In his second season at RKC, Sneijder found himself linked with a move to Şanlıurfaspor, but the talks never took place. However, the relationship between Koeman and Sneijder was strained and was considering selling him, after the talks between the pair, the relationship was amended. Having made no appearance and appeared two matches as an un-used substitute, it was announced that Sneijder and the club reached agreement to allow Sneijder to find a new club.

===Almere City===
After his contract with RKC Waalwijk had been dissolved on 1 February 2014, Sneijder signed with Eerste Divisie side Almere City until the end of the season. It was then revealed that Rodney was keen to join Wesley's club Galatasaray before he joined Almere City

Sneijder made his Almere City debut, playing 90 minutes, in a 2–1 win over Eindhoven on 7 February 2015. Seven days later, Sneijder provided an assist for Vincent Janssen, in a 4–1 loss against Emmen on 14 February 2014. Sneijder ended the season with six appearances for the club. Sneijder's contract with the club was soon extended for one year.

In his second season, Sneijder continued to be in the regular first team until he suffered an injury that kept him out for weeks. In the winter transfer window, Sneijder asked the club to terminate his contract with Almere City, to proceed joining Galatasaray. However, the claim was denied by the club. After making twenty appearances for the club, Sneijder was released by the club.

===Dundee United and return to the Netherlands===
After leaving Almere City, Sneijder went on trial at Scottish Premiership side Dundee United, where he played in a friendly match against AZ Alkmaar. On 26 July 2015, Sneijder signed for United as a free agent. Sneijder was released from his contract on 25 August 2015 with immediate effect. United said they had "the responsibility to protect his health moving forward".

Sneijder returned to Utrecht in August 2016, signing a one-year contract to play for the Jong FC Utrecht team in the Eerste Divisie. After making twelve appearances, he decided to leave the club in February 2017. In August 2017, Sneijder joined amateur Eerste Klasse club DHSC, where his brother Jeffrey is assistant coach.

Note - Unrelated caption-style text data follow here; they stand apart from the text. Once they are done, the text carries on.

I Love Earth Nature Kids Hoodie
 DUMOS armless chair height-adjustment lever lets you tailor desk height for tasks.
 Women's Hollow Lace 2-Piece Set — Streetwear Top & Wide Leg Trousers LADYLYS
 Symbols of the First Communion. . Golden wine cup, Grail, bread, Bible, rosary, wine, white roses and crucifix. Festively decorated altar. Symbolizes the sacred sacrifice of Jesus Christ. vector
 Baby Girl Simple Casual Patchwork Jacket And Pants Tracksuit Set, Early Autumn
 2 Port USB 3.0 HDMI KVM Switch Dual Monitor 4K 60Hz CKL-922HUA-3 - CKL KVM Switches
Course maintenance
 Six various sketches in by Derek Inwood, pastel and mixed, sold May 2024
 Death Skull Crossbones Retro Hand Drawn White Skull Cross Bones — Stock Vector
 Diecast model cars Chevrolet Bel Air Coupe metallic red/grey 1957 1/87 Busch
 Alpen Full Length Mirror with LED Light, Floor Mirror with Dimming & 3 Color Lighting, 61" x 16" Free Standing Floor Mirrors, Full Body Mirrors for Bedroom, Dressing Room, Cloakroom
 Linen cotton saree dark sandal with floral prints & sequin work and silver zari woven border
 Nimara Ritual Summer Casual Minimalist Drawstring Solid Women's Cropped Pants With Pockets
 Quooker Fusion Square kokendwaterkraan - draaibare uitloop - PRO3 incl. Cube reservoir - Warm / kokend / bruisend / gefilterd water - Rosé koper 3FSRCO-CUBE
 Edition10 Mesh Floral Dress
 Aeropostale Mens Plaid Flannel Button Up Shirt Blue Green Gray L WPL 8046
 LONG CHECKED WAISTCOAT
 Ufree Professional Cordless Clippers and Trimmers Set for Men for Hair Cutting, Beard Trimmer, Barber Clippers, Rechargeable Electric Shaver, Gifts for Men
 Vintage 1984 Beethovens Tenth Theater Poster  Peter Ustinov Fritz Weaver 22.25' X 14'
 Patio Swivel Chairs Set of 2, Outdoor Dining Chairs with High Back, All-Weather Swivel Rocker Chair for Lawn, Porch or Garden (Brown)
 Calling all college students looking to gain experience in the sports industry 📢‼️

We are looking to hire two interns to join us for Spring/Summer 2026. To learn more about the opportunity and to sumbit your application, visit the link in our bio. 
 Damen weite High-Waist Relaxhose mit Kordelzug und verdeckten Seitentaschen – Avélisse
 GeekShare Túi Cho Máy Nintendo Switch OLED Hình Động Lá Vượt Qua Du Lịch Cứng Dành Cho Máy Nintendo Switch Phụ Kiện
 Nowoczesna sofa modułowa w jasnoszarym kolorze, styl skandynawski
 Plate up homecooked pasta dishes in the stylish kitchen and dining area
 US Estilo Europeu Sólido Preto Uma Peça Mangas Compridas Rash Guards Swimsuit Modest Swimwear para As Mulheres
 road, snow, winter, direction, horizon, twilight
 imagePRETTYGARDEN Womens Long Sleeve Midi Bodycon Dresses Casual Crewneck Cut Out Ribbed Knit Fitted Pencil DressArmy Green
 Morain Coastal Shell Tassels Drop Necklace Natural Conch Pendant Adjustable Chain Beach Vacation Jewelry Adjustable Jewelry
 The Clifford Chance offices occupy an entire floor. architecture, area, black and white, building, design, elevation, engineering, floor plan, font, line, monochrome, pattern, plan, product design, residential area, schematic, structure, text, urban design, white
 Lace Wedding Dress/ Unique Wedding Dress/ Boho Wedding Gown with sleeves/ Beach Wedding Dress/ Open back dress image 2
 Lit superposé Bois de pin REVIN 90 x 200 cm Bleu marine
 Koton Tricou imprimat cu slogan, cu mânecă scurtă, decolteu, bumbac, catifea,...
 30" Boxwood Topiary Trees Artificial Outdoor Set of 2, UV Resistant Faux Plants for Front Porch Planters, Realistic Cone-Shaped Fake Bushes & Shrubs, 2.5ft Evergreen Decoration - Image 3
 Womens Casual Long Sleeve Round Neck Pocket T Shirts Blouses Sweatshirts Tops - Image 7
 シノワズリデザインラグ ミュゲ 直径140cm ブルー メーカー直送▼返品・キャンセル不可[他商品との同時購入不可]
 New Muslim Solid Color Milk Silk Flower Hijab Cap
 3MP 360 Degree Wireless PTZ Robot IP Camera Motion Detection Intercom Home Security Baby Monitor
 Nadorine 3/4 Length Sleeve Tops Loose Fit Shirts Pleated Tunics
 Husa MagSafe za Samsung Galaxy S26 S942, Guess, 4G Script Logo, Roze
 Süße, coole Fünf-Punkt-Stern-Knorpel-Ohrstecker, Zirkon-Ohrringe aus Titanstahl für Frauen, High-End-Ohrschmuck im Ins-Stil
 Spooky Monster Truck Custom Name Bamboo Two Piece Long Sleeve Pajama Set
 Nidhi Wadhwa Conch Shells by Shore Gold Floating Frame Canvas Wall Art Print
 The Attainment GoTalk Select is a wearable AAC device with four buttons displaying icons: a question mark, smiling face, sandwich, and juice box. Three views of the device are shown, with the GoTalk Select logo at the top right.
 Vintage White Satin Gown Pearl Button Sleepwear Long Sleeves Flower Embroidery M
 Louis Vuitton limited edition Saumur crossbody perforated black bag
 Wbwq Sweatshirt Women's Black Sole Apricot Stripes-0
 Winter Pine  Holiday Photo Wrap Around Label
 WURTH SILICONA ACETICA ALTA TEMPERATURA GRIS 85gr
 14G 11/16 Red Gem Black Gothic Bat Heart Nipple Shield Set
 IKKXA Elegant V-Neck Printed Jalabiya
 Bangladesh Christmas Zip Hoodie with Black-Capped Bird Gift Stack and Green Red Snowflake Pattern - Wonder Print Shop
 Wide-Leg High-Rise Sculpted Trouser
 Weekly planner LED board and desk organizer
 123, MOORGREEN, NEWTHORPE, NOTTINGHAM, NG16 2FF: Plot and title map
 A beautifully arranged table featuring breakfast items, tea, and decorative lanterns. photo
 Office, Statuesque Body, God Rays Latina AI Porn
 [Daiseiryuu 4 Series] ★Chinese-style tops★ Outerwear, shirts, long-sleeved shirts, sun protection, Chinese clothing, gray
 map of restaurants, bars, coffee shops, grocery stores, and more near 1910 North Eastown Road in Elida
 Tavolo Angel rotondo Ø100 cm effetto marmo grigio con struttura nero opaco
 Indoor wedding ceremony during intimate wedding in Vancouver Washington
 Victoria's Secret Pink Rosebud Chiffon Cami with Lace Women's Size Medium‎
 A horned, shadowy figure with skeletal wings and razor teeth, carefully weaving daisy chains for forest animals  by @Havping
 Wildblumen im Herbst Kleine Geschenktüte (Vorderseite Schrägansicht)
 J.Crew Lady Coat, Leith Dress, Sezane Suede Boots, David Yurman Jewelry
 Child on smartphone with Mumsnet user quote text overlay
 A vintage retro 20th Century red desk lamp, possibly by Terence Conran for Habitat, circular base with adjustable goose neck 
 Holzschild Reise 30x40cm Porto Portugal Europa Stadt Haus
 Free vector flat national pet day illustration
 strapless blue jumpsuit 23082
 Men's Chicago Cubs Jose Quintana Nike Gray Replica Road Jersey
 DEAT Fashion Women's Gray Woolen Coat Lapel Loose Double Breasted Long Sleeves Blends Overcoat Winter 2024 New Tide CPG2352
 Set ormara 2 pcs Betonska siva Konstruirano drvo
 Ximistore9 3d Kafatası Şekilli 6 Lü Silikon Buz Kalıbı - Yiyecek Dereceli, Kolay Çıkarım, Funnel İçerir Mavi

On 27 March 2024, Sneijder agreed to join De Meern, who were relegated to the Tweede Klasse ahead of his arrival in July 2024.

==International career==
Sneijder was first called up by Netherlands U17 in May 2008 and made his Netherlands U17 debut, in a 3–0 loss against Turkey U17 on 4 May 2008. Sneijder scored his first Netherlands U17 in his fourth appearance, in a 2–1 loss against Spain U17. Sneijder previously scored his first goal for Netherlands U17, in a 2–1 win over Hungary U17 in the elite round of UEFA Euro U17 Championship.

The following year, Sneijder was called up by Netherlands U19 in March 2009 and went on to make six appearances.

==Personal life==
Despite being prevented from joining Real Madrid, Sneijder considered his brother, Wesley, as his second father.

In July 2013, Sneijder severed ties with agent Soren Lerby.

During an interview in a radio station in Thessaloniki, Rodney confirmed that he and Wesley Sneijder (along with their other brother Jeffrey) have part-Greek descent, since their grandmother (their father's mother) was a Greek woman born in Kavala, Macedonia, Greece and moved to Utrecht before World War II.